▶ [TASK OBJECTIVE]: Only the lines in the entries below from the line with "Moderno Apartamento En" to the line with "NWT Chico's Fabulously", both included, belong in the answer, transcribed exactly and without pictures.

▶ [PROVIDED INFORMATION]:
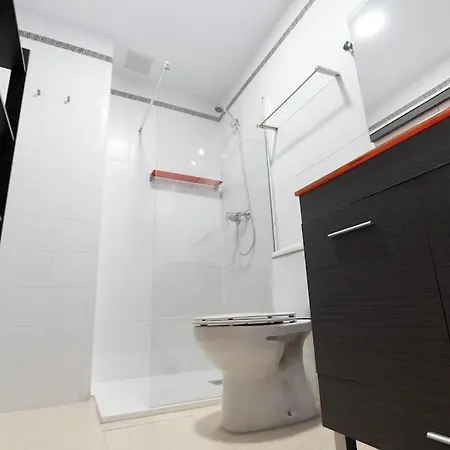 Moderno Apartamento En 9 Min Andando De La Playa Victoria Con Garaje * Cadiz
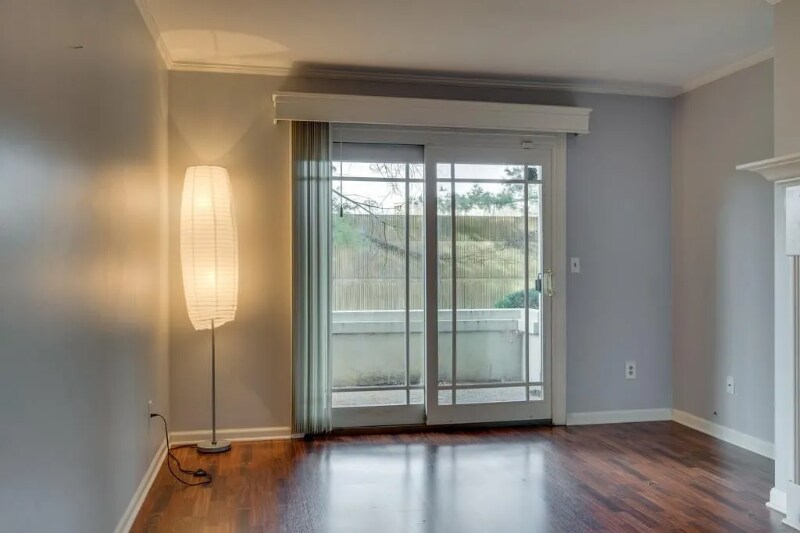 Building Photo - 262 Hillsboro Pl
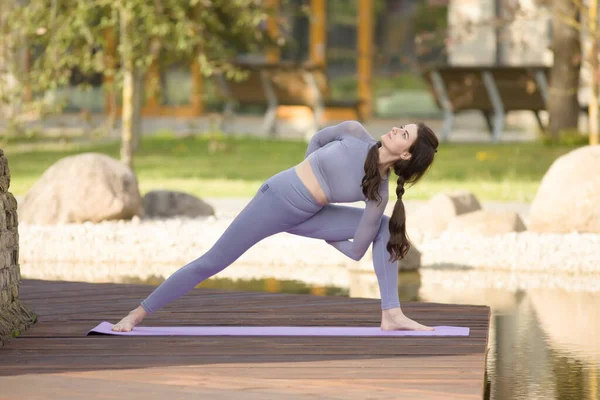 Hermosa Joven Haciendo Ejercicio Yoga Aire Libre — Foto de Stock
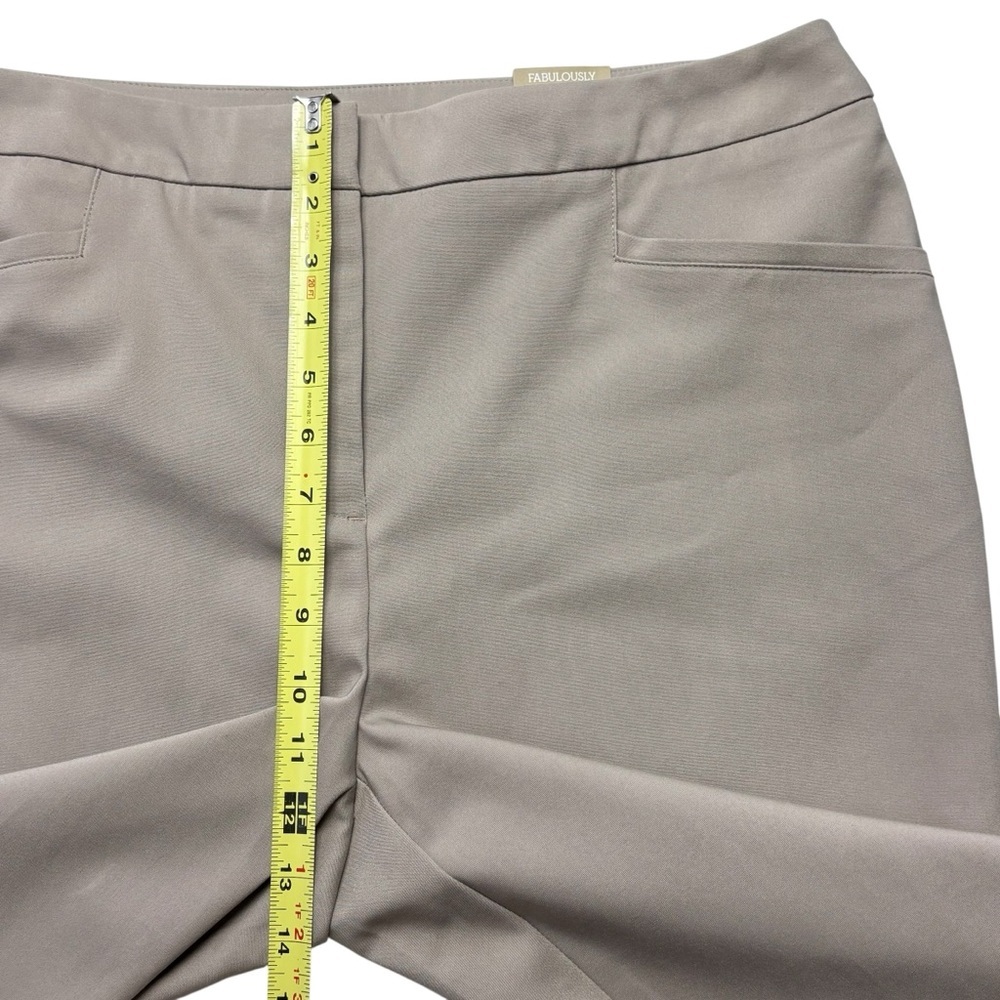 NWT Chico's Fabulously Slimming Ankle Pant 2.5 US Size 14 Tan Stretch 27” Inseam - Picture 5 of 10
--
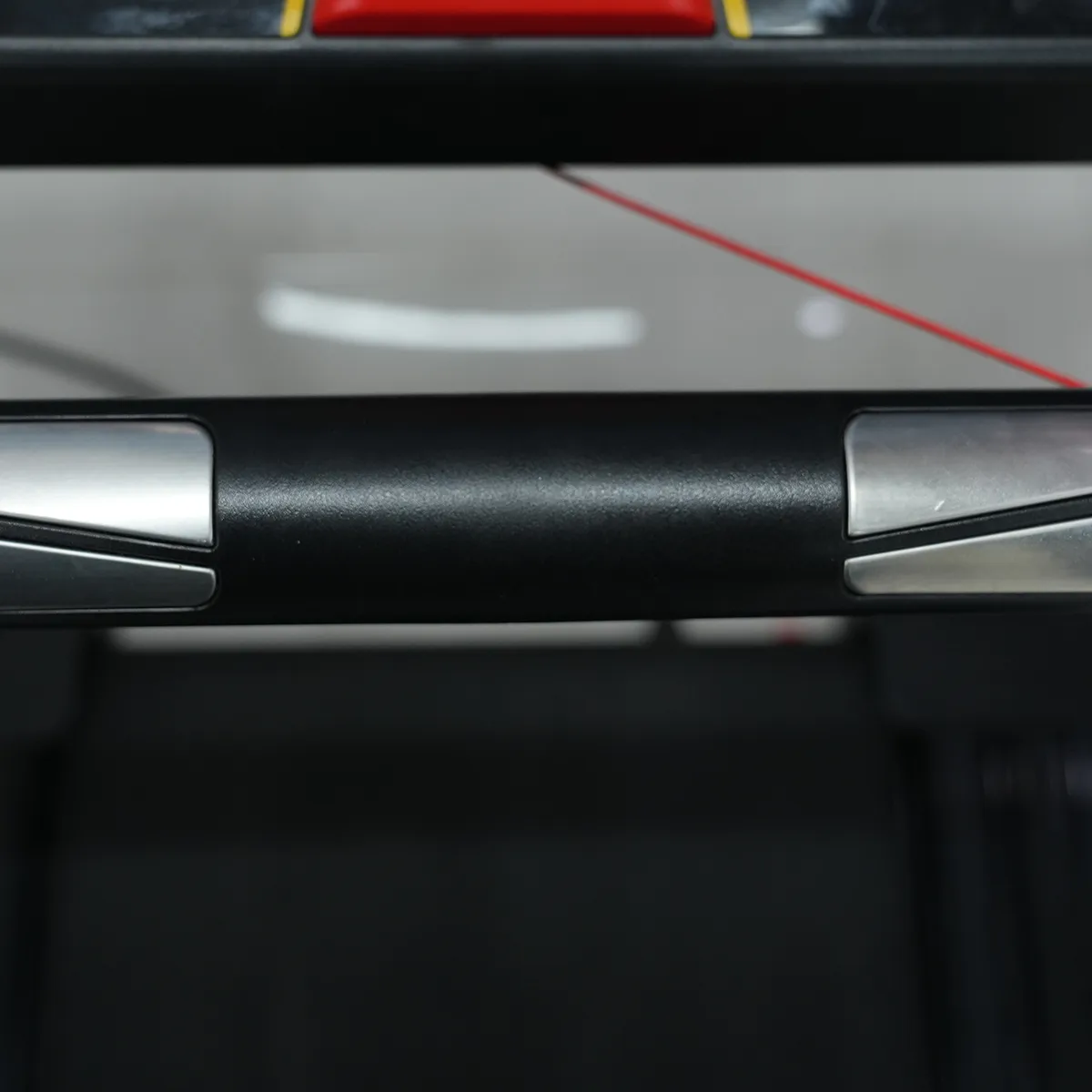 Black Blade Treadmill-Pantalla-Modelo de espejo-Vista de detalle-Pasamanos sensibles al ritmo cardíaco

▶ [THE COMPLETED TASK]:
 Moderno Apartamento En 9 Min Andando De La Playa Victoria Con Garaje * Cadiz
 Building Photo - 262 Hillsboro Pl
 Hermosa Joven Haciendo Ejercicio Yoga Aire Libre — Foto de Stock
 NWT Chico's Fabulously Slimming Ankle Pant 2.5 US Size 14 Tan Stretch 27” Inseam - Picture 5 of 10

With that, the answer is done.